With so much information with last weeks exploding conflict between Ecuador, Colombia, and Venezuela, I tried to take a step back and let the information pour in before investigating the situation. Second there is just so much information that keeps developing it becomes overwhelming to sort through it all, so I decided to start at the basics and then add on from there.
IPS ran a story on March 3, 2008 that covered the initial beginning of the conflict and Ecuador’s response to the situation. The whole issue is about how Colombia went into Ecuador (a section near the Colombian-Ecuador boarder) and killed members of the guerrilla group, FARC ( (Revolutionary Armed Forces of Colombia), including their leader Raúl Reyes, whom worked as an intelligence person for France. As IPS explained, Rafael Correa is upset because it was not in the jurisdiction of Colombia to have a military operation in Ecuador. Ecuadorian President Rafael Correa called the action “a massacre, not a hot pursuit.” Furthermore, Ecuador has cut of its diplomatic ties to Colombia because of “the clear violation of Ecuador’s national sovereignty and territorial integrity and the grave accusations.” Colombia claimed that Ecuador was working with the FARC. He went on to proclaim,
“We have consistently expressed our condemnation of the actions and methods of the FARC,” but “there is no justification whatsoever for a foreign military operation in our territory, regardless of the motive. International law requires that we be informed and that Ecuadorian forces carry out the capture, as has already occurred on numerous occasions, always with total respect for human rights.” Ecuadorian Defence Minister Wellington Sandoval said his country’s armed forces have discovered and destroyed 47 FARC camps in the last few years and have arrested Colombian guerrillas in Ecuador.

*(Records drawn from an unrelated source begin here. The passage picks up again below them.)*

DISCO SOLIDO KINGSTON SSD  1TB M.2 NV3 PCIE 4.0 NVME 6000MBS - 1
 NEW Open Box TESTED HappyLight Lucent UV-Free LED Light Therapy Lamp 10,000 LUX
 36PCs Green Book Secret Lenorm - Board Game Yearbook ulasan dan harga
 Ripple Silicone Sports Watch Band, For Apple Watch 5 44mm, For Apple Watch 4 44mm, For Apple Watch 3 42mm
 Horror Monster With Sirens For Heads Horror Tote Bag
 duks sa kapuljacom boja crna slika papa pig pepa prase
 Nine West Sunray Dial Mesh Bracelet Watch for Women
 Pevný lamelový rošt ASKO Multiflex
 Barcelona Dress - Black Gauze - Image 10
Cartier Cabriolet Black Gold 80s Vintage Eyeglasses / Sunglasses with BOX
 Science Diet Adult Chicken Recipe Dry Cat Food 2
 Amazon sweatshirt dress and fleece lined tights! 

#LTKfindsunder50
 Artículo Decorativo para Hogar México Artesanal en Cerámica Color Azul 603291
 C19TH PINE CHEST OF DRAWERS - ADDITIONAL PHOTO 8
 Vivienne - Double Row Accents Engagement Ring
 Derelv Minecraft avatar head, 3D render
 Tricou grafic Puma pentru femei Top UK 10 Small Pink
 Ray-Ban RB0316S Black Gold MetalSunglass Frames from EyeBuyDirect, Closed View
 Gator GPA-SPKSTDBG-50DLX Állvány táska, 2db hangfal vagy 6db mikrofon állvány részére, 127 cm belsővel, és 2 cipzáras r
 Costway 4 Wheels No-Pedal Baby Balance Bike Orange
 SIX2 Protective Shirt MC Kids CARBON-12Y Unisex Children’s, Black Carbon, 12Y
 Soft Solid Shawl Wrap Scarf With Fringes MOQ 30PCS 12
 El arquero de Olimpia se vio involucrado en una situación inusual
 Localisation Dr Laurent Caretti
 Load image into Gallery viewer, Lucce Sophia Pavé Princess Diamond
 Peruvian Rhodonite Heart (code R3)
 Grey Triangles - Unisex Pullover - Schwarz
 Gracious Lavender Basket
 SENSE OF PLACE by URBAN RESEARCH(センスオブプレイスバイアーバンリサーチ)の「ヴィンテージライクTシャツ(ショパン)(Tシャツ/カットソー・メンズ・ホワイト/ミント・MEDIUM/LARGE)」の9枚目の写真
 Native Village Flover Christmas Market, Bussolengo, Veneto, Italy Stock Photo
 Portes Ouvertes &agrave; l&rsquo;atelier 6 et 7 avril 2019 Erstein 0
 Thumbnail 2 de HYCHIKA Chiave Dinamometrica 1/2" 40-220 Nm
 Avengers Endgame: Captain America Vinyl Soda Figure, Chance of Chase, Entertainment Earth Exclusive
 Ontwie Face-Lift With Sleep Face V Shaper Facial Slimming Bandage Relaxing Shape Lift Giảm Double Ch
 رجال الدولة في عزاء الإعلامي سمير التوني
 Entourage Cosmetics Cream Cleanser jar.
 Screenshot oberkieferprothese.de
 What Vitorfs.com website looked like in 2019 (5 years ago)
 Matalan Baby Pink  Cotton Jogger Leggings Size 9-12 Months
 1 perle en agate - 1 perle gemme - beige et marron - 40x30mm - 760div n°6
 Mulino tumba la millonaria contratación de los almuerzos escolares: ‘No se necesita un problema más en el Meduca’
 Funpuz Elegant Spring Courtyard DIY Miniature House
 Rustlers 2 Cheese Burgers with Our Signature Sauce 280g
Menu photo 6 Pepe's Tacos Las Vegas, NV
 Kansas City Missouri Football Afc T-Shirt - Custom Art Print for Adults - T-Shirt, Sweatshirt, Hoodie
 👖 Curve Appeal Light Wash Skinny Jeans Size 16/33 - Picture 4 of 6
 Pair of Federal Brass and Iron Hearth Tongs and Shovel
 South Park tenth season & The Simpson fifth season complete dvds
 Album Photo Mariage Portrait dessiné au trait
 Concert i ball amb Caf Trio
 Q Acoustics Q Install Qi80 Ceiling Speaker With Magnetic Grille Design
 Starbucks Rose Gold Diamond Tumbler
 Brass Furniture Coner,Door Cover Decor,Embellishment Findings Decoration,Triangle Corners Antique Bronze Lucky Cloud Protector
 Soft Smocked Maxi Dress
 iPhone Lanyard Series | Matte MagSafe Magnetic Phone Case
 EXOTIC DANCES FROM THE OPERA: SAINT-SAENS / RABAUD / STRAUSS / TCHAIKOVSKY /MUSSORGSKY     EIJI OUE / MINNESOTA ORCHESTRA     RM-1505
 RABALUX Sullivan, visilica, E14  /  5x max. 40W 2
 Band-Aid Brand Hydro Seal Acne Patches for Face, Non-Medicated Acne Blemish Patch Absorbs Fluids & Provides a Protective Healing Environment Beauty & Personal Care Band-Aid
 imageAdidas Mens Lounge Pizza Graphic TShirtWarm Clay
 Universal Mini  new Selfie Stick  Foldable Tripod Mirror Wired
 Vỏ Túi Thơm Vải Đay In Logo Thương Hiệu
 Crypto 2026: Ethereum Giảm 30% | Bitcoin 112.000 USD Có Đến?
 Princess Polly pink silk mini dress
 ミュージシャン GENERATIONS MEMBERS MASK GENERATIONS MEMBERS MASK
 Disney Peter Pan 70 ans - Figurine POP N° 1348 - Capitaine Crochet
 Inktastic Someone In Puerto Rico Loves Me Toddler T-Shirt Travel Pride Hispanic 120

“Well aware of its obligations, Ecuador has constantly guarded the 720-km Colombian-Ecuadorian border, which is, if not impossible to control, at least extremely difficult in terms of keeping citizens from crossing from one side to the other, which is not only an Ecuadorian task,” said Sandoval.
“Our cooperation with the armed forces of our sister nation Colombia has been amply demonstrated. In fact, there is a joint security pact between the armed forces of both countries and CONBIFRON (the Binational Border Commission) to act in cases in which there is suspicion of problems along the border,” said the minister.
With that stated above, Ecuador is justified to me in two ways. First, Ecuador has never been unsupportable of the Colombian governments efforts in capturing FARC members. If anything they have been more than willing to lend a helping hand even in capturing them in their own country. Second, if Ecuador did not stand up to this human rights violation then they would be silently approving the situation, and allowing war into their country. This not only makes their country a dangerous playground but in a sense, a human rights violator for not condemning a massacre.
Ecuador responded formally on March 4 when Ecuador’s Foreign Minister Maria Isabel Salvador Crespo read from The Organization of American States charter stating that “Colombia should pay a high diplomatic and economic price for killing a leftist rebel leader in the Ecuadorean jungle by expelling its diplomats, ordering troops to the border and largely halting trade at key points along the frontier.”
Time will tell how much repercussion Colombia will receive from this incident, especially with the US linked to helping them raid the insurgents in Ecuador.